Tonight was the 2nd "Annual Garden Harvest and Science Celebration". About 150 people came out, including Lakewood students, their families, and other community members. It was a really incredible event. The evening's activities began with a walk through the garden, followed by a vine planting ceremony at the entrance of the garden. Professor Curtis planted a Coral Honeysuckle vine and stated how the vine serves as a metaphor for the Lakewood students; as they work to help the garden grow and mature, the garden also works in the students to help them grow and mature. The events then moved into the cafeteria where the Eckerd students served the dishes they had prepared to the community members. As we ate we watched the documentary produced last year by Kelly Schiller, and then heard some remarks from Principal Cynthia Kidd, Lakewood science coordinator Peggy McCabe, and Professor Curtis.

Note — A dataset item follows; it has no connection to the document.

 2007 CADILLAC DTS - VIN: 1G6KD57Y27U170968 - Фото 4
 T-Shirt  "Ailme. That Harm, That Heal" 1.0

The events of the evening concluded with a raffle of various potted plants from the garden such as tomatoes, broccoli, sweet potatoes, and marigolds.
I began participating in this project in January of 2009, when it was still mostly just an idea in Professor Curtis' mind. A dozen or so of my classmates at Eckerd began volunteering with the project, not really sure what would come of it. Now, almost a year and a half later I find myself involved in a successful, revolutionary project that I know will only continue to grow and solidify. I feel very fortunate that I've had the opportunity to not only participate in this project, but to watch it grow from idea to success.
We are in the middle of a food revolution in America, and I think that it is projects like this that are going to produce substantial and effective change in the future. More and more people are becoming aware and concerned with where their food comes from and the garden project at Lakewood addresses that issue while putting it in a learning environment for elementary school students, college students, and the surrounding community. This is a mutual learning experience, my classmates and I have learned so much from teaching these Lakewood students that can't be learned in a classroom.
Although I'm sad to have to say goodbye to this project I feel extremely fortunate to have been a part of it and the events tonight at the Harvest Festival reiterated to me how important of a project this is.